Many of the negative effects of the pandemic around the world have been economic, but this does not mitigate the psychological, socio-cultural and political effects. The economic impact includes:
- Unemployment – The lockdown restrictions have severely disrupted the economy by closing businesses and causing job losses.
- Reducing tourism, which is an important industry in many countries such as Kenya, South Africa, Tanzania and Ethiopia;
- Withdrawal of investors leading to a decline in the flow of foreign direct investment;
- Worsening food insecurity and poverty;
- Significant reduction in aid flows from developed countries grappling with the worst pandemic; and,
- The shift in government budgets towards the health sector is slowing economic development in other sectors (Lone & Ahmad, 2020).
Other effects of the pandemic include increased mental health problems, higher rates of gender-based violence and domestic violence, increased pregnancies and dropouts among teenagers, political repression and undermining of democratic principles through police brutality, and increased physical and financial obstacles to health care for fear of contracting the virus (UNESCO, 2020).

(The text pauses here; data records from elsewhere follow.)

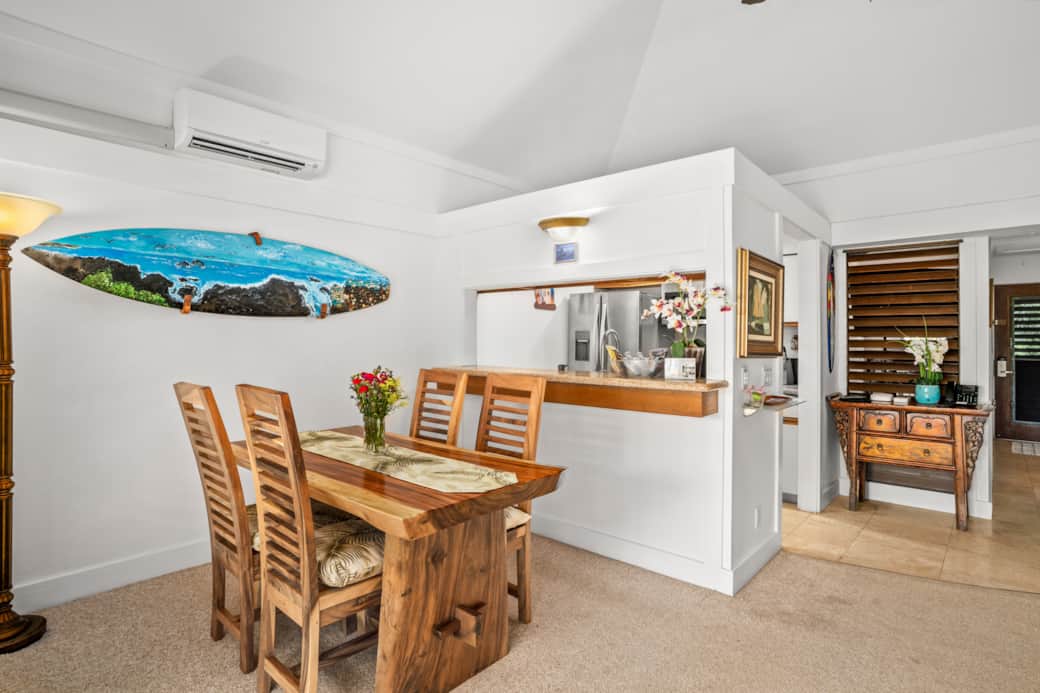 Cozy dining by the lanai, split A/C above, surfboard art—coffee with lush garden views just outside.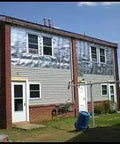Heavy Duty Reflective Insulation Roll With Foam Core Covers 400 Square Feet applied to the exterior of a residential building.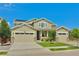 Two-story house with three car garage and landscaped yard at 14595 Vancouver Pl, Parker, CO 80134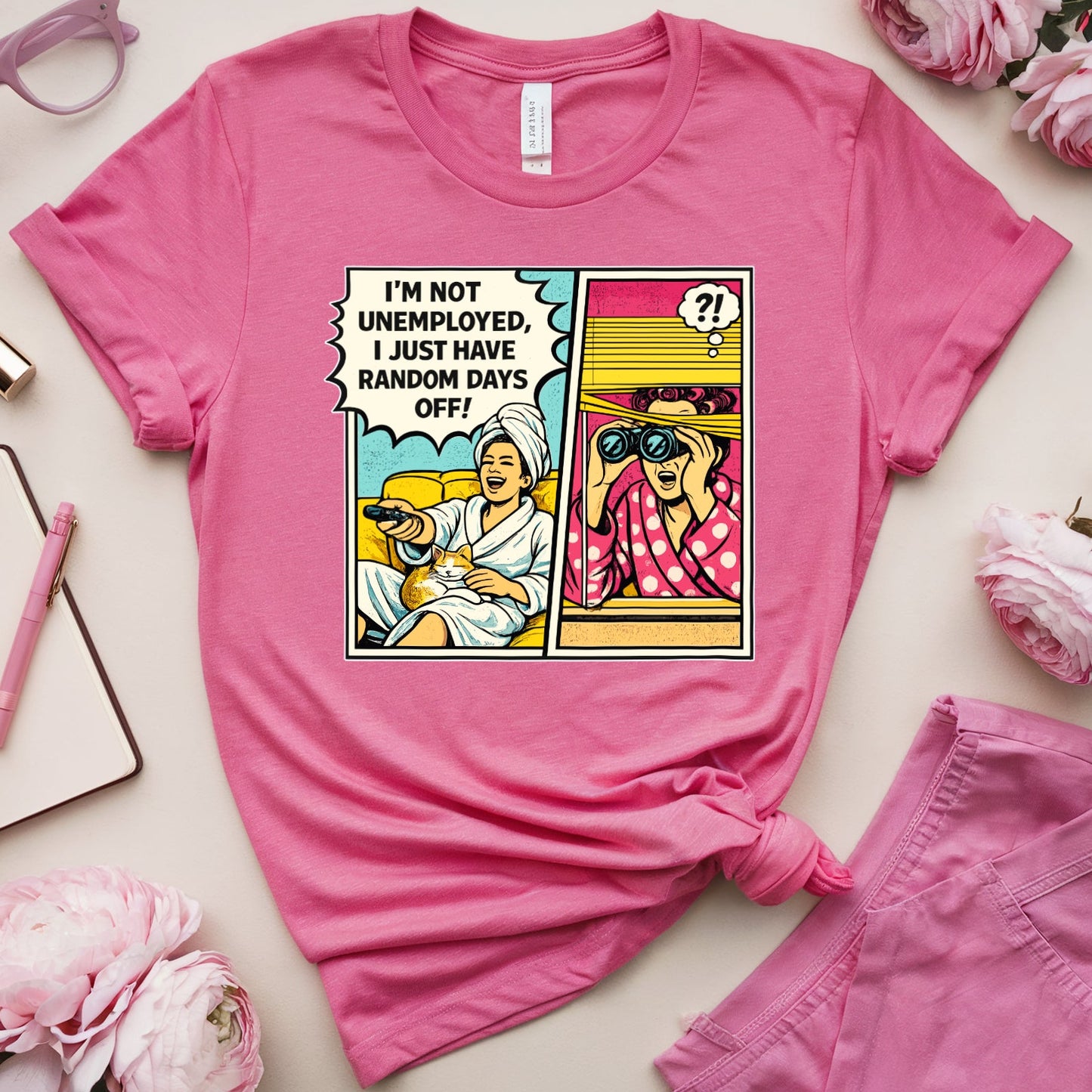 Pink t-shirt with comic design on a light surface with pink accessories and flowers.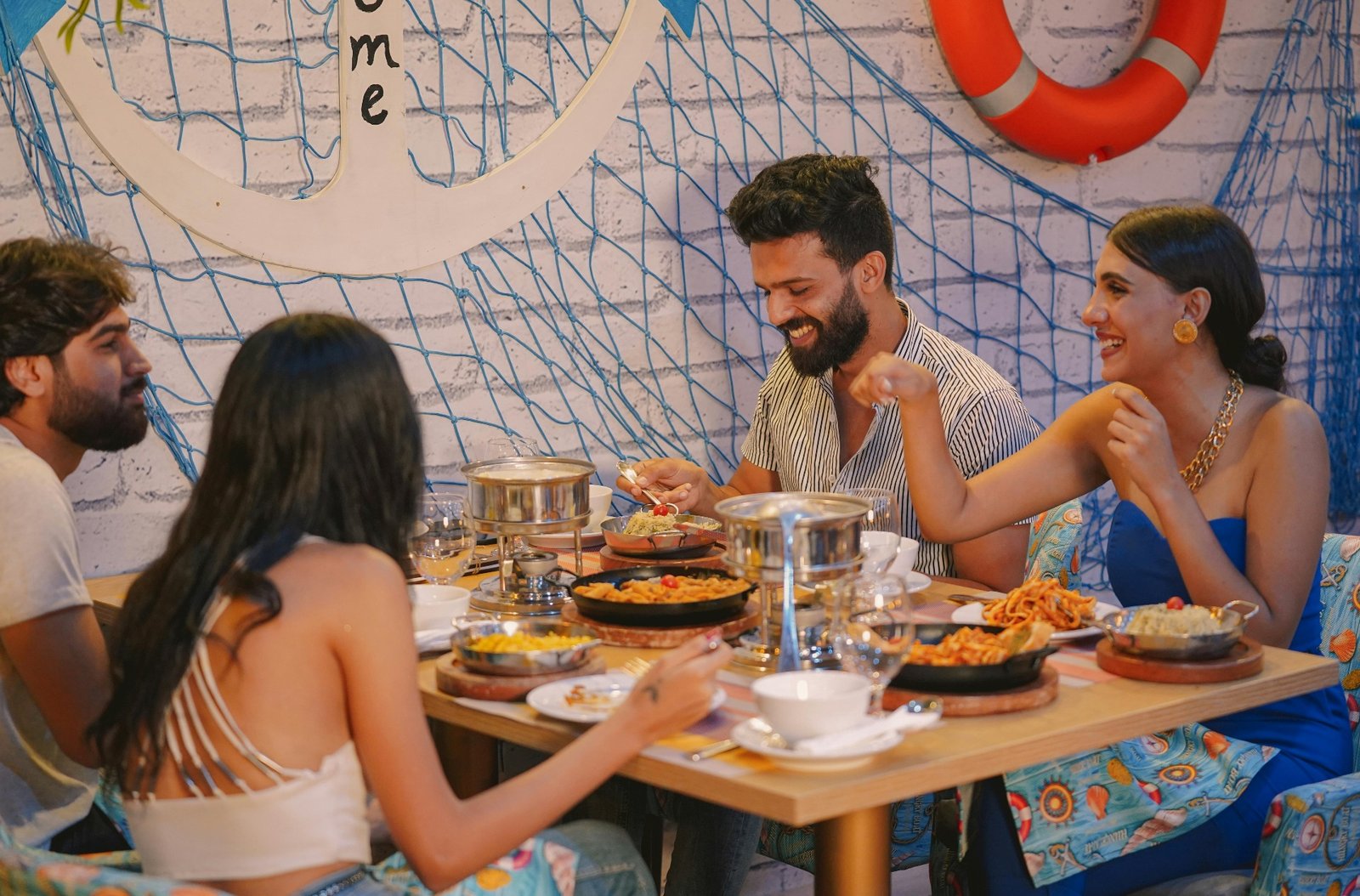 Group of guests enjoying a busy restaurant dinner service during peak hours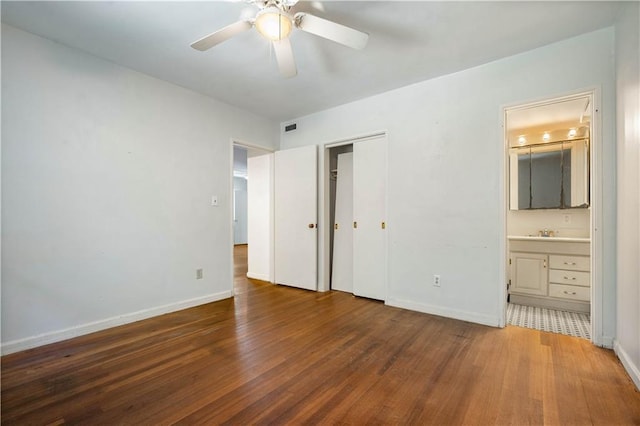 2852 Exter Dr, Mobile, AL 36606 - unfurnished bedroom with wood finished floors, baseboards, a sink, connected bathroom, and a closet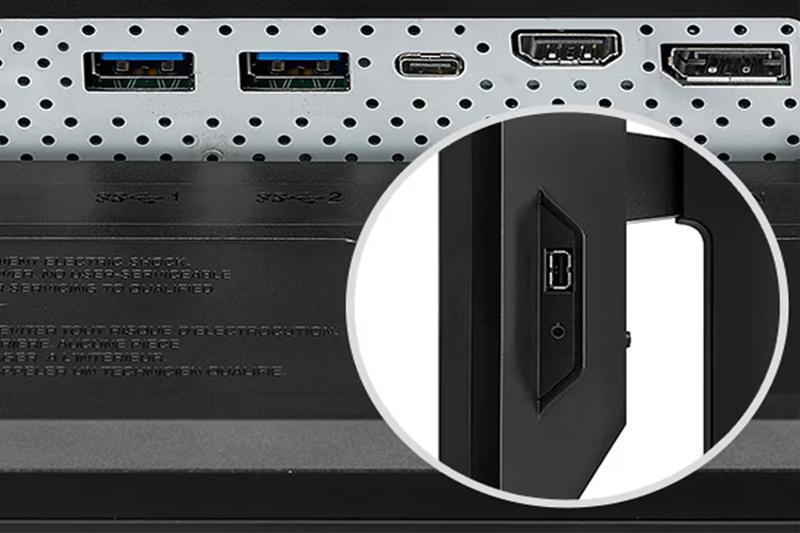 The image shows a detailed view of a computer monitor's connectivity ports. At the top section, there are two USB 3.0 ports, a USB-C port, and two HDMI ports arranged horizontally on a perforated metal plate. Below the ports are small embossed symbols for each USB port labeled "1" and "2." The background is textured with tiny holes, suggesting ventilation. The lower part shows warning text with an inset circle zooming in on the side of the monitor. This inset highlights an additional USB port and an audio jack on the side panel.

When pandemics cause paradigm shifts
The Covid-19 pandemic has triggered a global paradigm shift in the functioning and interaction of individuals, states, organizations and the international system. For most of the past year (2020), the world appeared to have stalled after the devastating coronavirus, which forced governments to impose full and partial lockdowns, keep orders at home, and impose curfews. Businesses and organizations switched from personal work to giving their employees the ability to work from home to help contain the spread of the virus.
The impact of the pandemic has been a wrecking ball on the economic, social and political dimensions, and those effects will be felt for a long time, and the pandemic is not over yet. Global economic growth has plummeted to new lows, increasing poverty and accelerating inequality within and between states, which is very dangerous for global stability as it could lead to reactionary nationalism. This term essentially describes a situation in which part of society would like a status quo to change, in this case with regard to the economic inequality caused by capitalism and free market systems.
The gap between developed and developing countries became significantly evident during the Covid-19 pandemic. For one thing, developed countries like the US, UK, Canada, Australia and the like have been able to save their businesses, provide safety nets and financial cushions for their citizens, while developing countries have been barely or unable to do so. Income inequality has increased significantly, with the pandemic being a godsend for the one percent, especially in developed countries. In the US alone, an estimated 44 million people lost their jobs between April and June 2020, while unemployment rose to over 15%. Over the same period, the top five billionaires (Bezos, Gates, Buffet, Zuckerberg, and Ellison) increased their net worth 26% (to $ 102 billion) and increased the total wealth of American billionaires to $ 3.6 trillion (Rushe, 2020 ). This amount is comparatively higher than the prosperity of the 54 African countries combined. (Goldin & Muggah, 2020).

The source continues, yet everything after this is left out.